Dataset items:
----
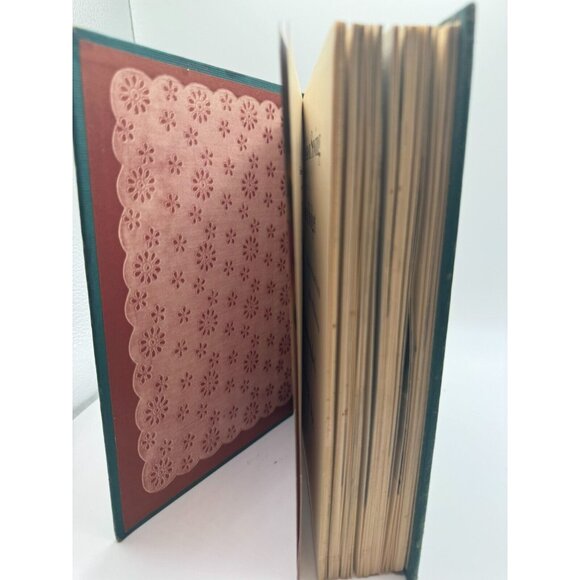 1952 Hardcover The Homemaker's Encyclopedia FASHION SEWING ON A BUDGET 342 Illus - Picture 3 of 5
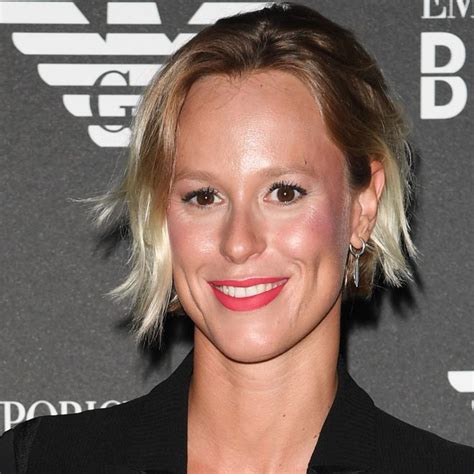 Born 5 august 1988) is an italian swimmer. Tagli di capelli per donne trentenni : Album di foto ...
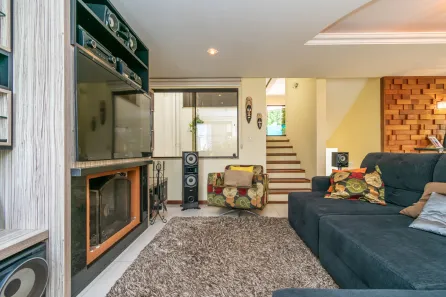Casa de Condomínio com 3 Quartos à venda, 235m² no Hípica, Porto Alegre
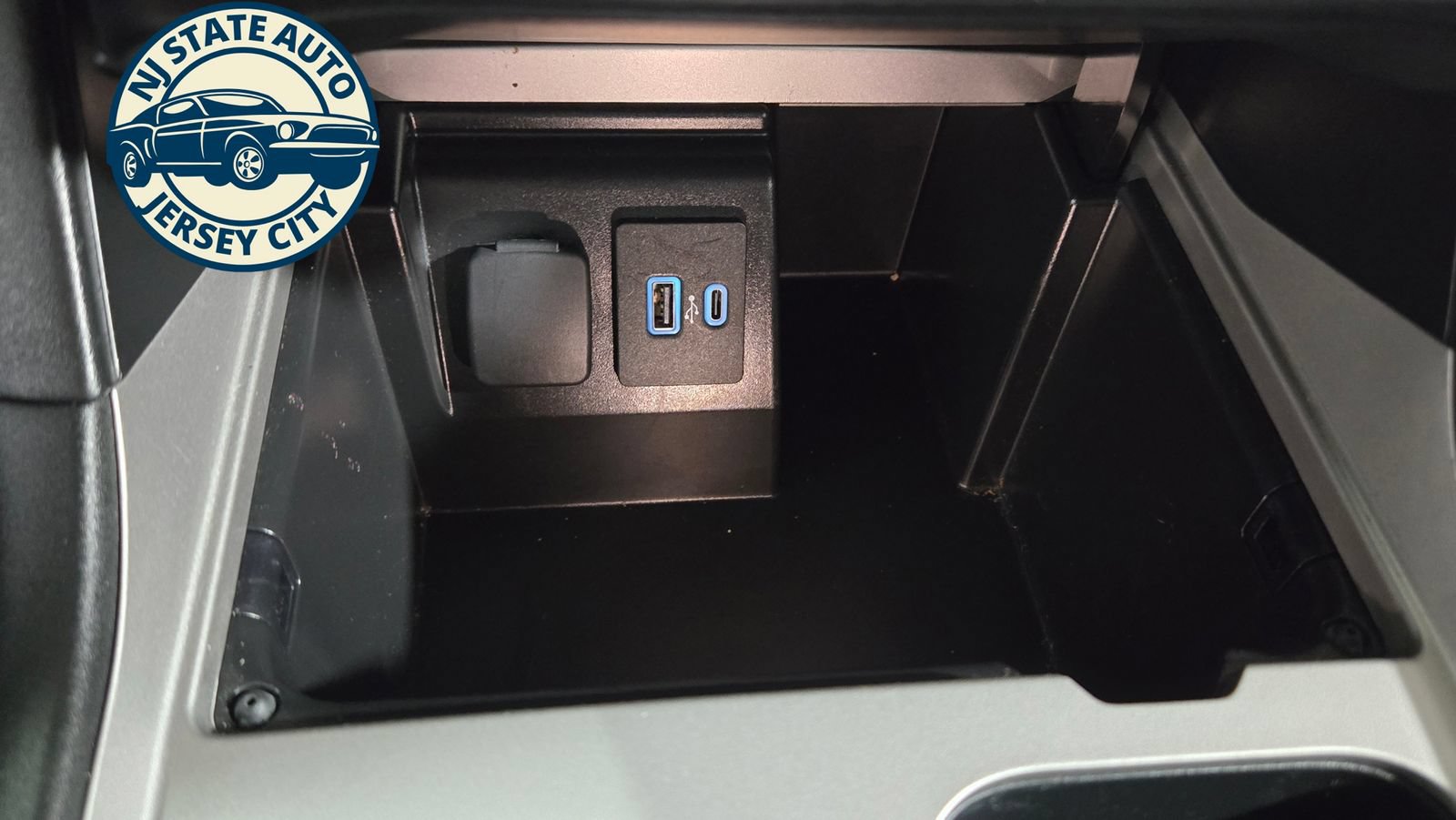 Used 2022 Ford Explorer XLT AWD/4WD image 21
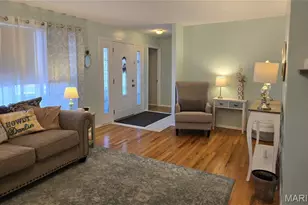 11706 Holly Springs Dr, Unincorporated, MO 63146 - Photo 2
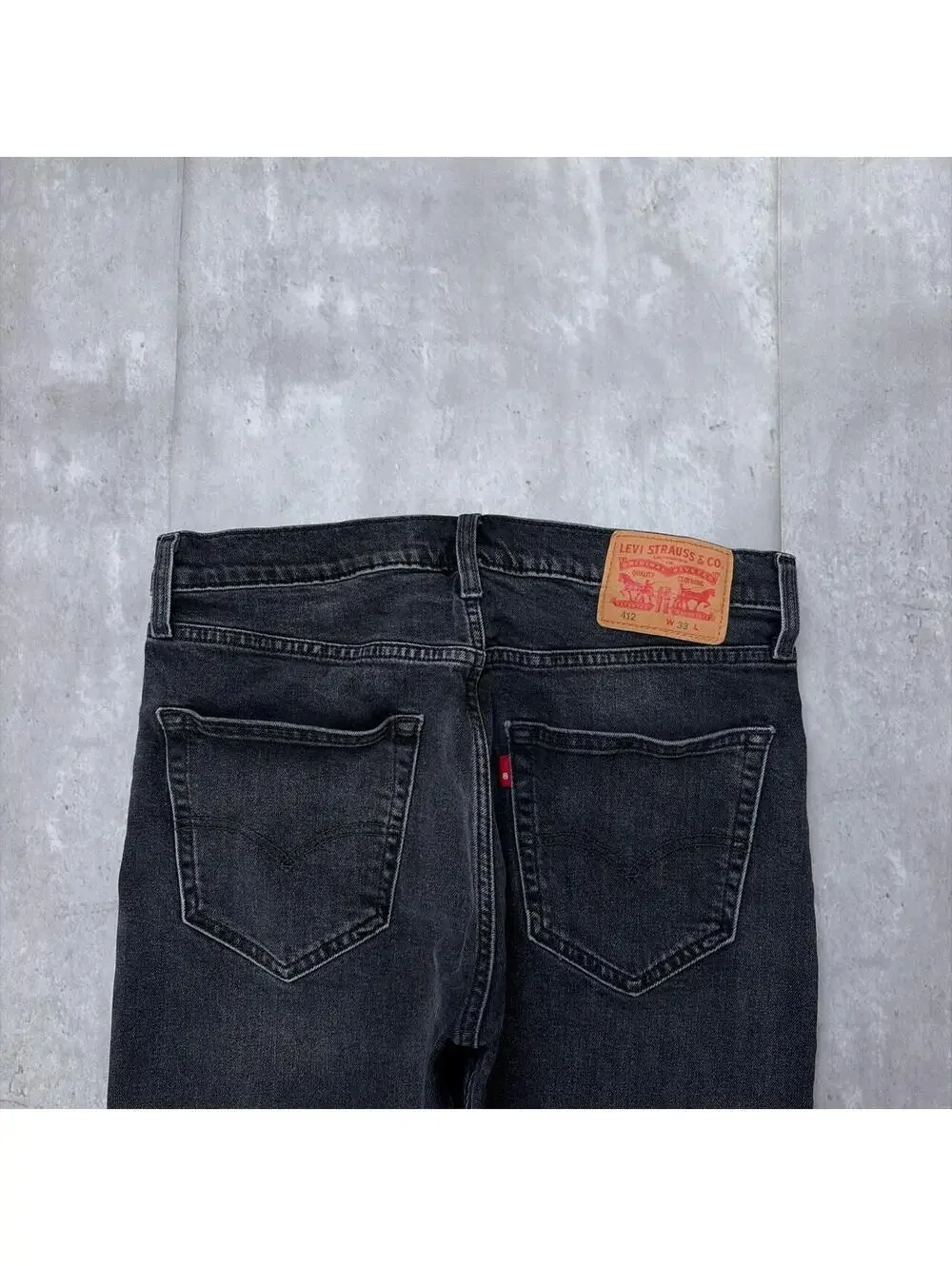 Y2K Black Levi’s 412 Grunge Baggy Skater Denim Jorts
----
What the exercise asks:
The records above should be written out in full and unchanged, except that pictures are dropped.

Answer to the exercise:
 1952 Hardcover The Homemaker's Encyclopedia FASHION SEWING ON A BUDGET 342 Illus - Picture 3 of 5
 Born 5 august 1988) is an italian swimmer. Tagli di capelli per donne trentenni : Album di foto ...
Casa de Condomínio com 3 Quartos à venda, 235m² no Hípica, Porto Alegre
 Used 2022 Ford Explorer XLT AWD/4WD image 21
 11706 Holly Springs Dr, Unincorporated, MO 63146 - Photo 2
 Y2K Black Levi’s 412 Grunge Baggy Skater Denim Jorts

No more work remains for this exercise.